## Recorded data
********************
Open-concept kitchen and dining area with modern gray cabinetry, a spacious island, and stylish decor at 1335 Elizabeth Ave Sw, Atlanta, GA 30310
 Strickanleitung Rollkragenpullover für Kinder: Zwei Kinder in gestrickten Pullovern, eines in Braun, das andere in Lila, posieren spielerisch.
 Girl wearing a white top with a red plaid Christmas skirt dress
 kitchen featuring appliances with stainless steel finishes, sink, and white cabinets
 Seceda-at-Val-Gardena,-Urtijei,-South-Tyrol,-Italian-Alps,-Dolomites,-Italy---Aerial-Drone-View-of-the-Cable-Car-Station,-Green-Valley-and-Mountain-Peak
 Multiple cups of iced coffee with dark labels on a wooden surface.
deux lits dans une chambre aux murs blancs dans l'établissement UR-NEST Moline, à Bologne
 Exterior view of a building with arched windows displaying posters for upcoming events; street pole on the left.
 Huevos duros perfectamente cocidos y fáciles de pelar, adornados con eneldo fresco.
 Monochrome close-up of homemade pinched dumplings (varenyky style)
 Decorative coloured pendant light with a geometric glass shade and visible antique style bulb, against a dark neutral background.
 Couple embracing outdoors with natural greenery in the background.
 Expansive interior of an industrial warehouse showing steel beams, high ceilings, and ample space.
********************
## WHAT THE TASK ASKS
Include both ends. Return the line holding "Couple embracing outdoors" and all lines after it in the records above, exactly as written.

## SOLUTION TO THE PROBLEM
 Couple embracing outdoors with natural greenery in the background.
 Expansive interior of an industrial warehouse showing steel beams, high ceilings, and ample space.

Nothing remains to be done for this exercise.